Lesson 2.
24 апреля 2020 г. в 21:55
Рабочий день не закончился, но набережная была людной. Позади нас орала беззаботная детская площадка. Небо было ярким, но всё ещё холодным, и на его фоне цвели розовые копны слив, красующихся на каждом шагу. Природу будто отксерили с обложки сёдзе-манги. Вместе с персонажем, который сидел рядом со мной и усердно вгрызался в пластмассовую трубочку от бананового молока. У него выкрашенные фиолетовым пряди и пробитые хрящи. Он ездит на подержанном байке, а дома у него крутая барабанная установка. Типичный плохиш... не бойся он мышей и моей матери. И глаза у него как у диснеевской зверушки. И шаркает он как дед. К тому же, при виде щенков пищит. И плачет на грустной теме из «Наруто».
– Ну ты и нюня, Пак Чанёль.
Парень нахохлился, как воробей, и вытянул ноги на всю ширину велосипедной дорожки.
– Себя-то хоть видела? – сказал он недовольно, жуя трубочку и тщательно пряча глаза в дальних просторах реки. – Пришла в школу с разбухшим носом – светила им как пожарной мигалкой.
Холод от широкого бордюра пробирался через плотную ткань пальто.
– Это от погоды. На улице дубак. Вообще-то. – Я показательно поёжилась.
– Ага, как же. – Друг, шмыгнув, проехался по носу тылом запястья.
Странно было. В такую погоду выбирают кофейни и ресторанчики, чтобы в уюте провести вечер пятницы. Но сразу после школы мы, не сговариваясь, пришли сюда. Наверно, потому что хотели сосредоточиться на чём-то более безвредном и нейтральном, как холод. Люди здесь тоже были нейтральными, вроде нечётко прорисованной массовки на заднем фоне сопливой сцены.
– Почему сразу не сказала? – нарушил молчание Чанёль.
Я поджала губы, вспомнив мамину утреннюю истерику, которая вспыхнула с наигранным неистовством, стоило мне попытаться начать разговор.
– Мне казалось, что мать получится отговорить.
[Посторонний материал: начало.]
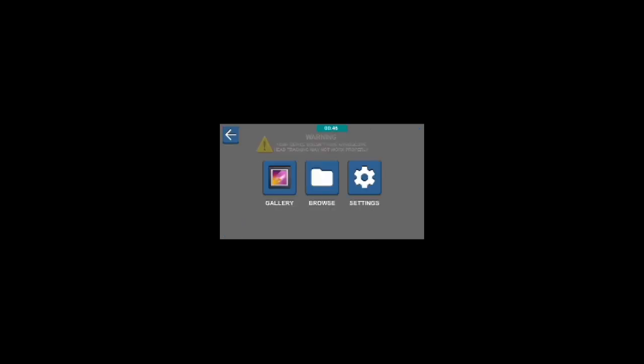It's made some time to open, so don't worry. Okay, it's opened. So click this play button to play the vars video player. And as you can see, your device does not have gyroscope head tracking, may not work properly. Okay, so my device has no gyroscope sensor.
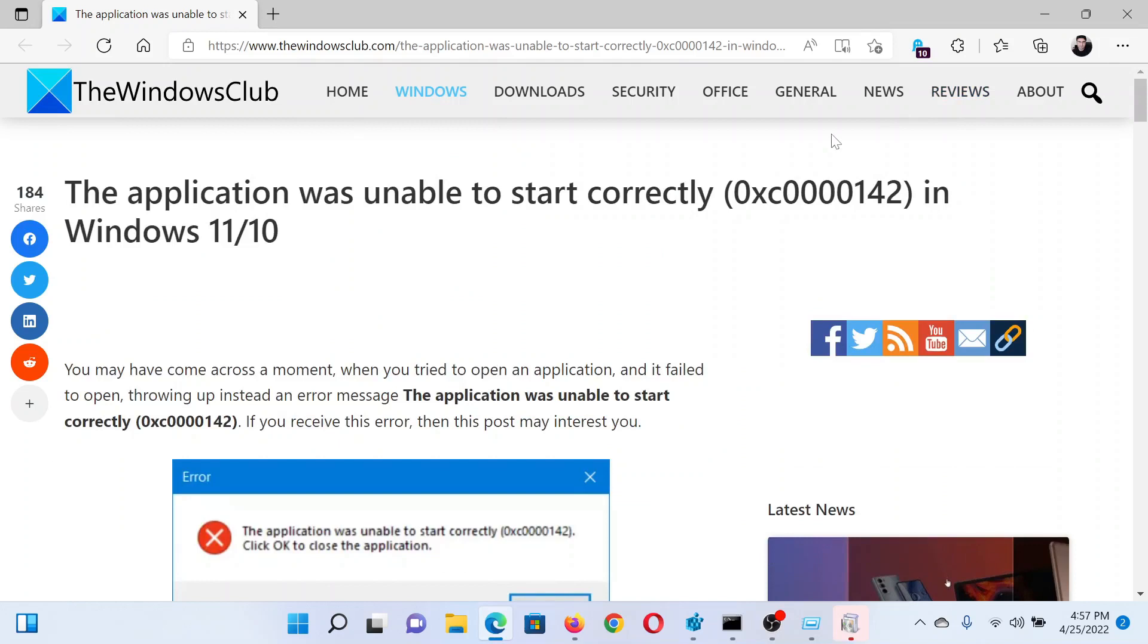If you have any doubts, please go to the original article on The Windows Club, scroll down to the comment section, and write your query. We will surely answer to it. Do not forget to subscribe to the channel. Thank you for watching this video and have a nice day.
Хотя бы насчёт идиотской затеи с новой школой.
– С какого хера сейчас? – парень пнул пустую пластмассовую баночку. Всё равно подберёт. – До конца семестра осталась херня, чего им так невтерпёж?
– Потому что мир вокруг нас, – я махнула в сторону этого самого мира, – сошёл с ума. Ты понимаешь, как это глупо, я понимаю, а остальные – спятили.
– А отец чё?
– Ничего. Одёрнул её, чтобы не задерживала меня перед школой, и всё.
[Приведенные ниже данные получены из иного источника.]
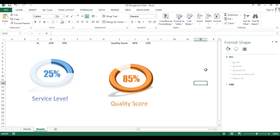You just need to create one chart and then easily replicate it for the other metrics. I hope you have enjoyed this video. I will provide a download link in the video description so you can download this chart. Thank you so much for watching.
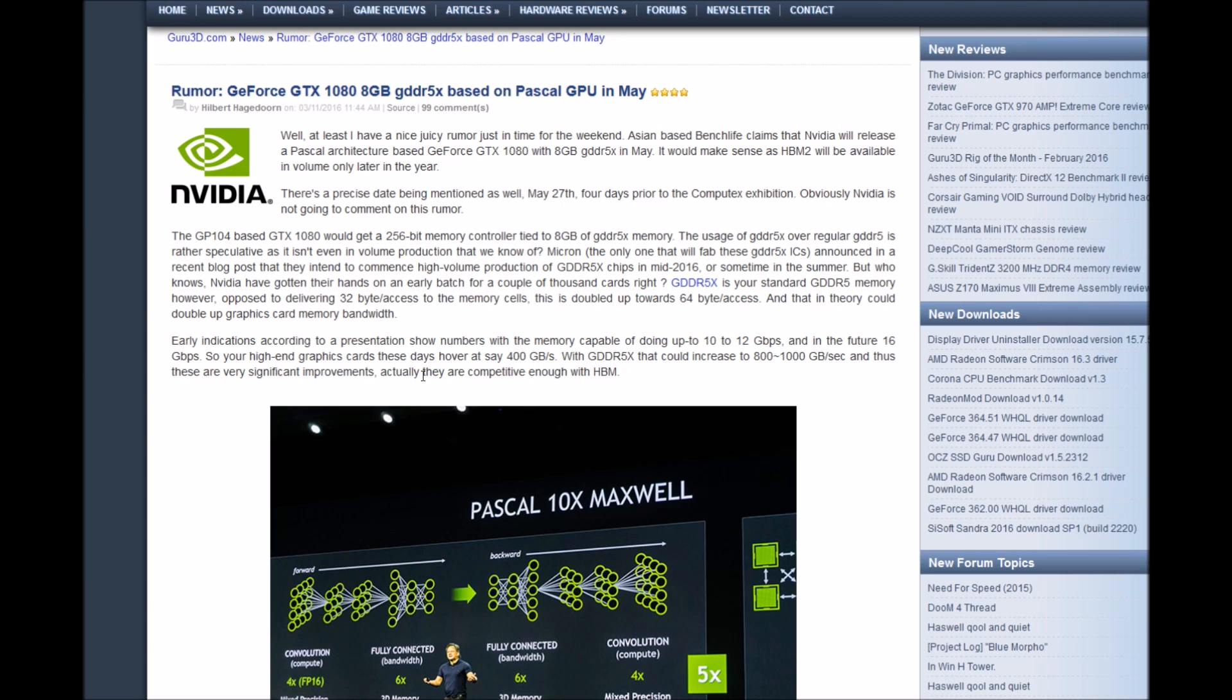Micron's the only one with fab these DDR5X. They announced in a recent blog post that they have intended to commence high volume production of DDR5X chips in mid-2016, or sometime in the summer. But who knows, Nvidia has gotten their hands on an early batch of a couple thousand chips or cards.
– Ты говорила с ней по поводу лингвистического? Что, типа, не по приколу столько лет учила португальский.
– Чанёль, ей абсолютно наплевать. – Я сложила руки на коленях, водрузив на них тяжёлую голову. – Она начала про то, что я ни в грош не ставлю собственных родителей. Затем распиналась про эгоизм, про гордость, про «завышенное самомнение». И закончила розовыми очками. Это у меня розовые очки, представляешь? – язвительно усмехнулась я. – Мать с её подругой разработали фантасмагоричный план, суть которого сделать меня эдакой матёрой бизнесвумен, идущей по головам и прокладывающей родителям дорогу к пожизненному благосостоянию. Меня, Чанёль!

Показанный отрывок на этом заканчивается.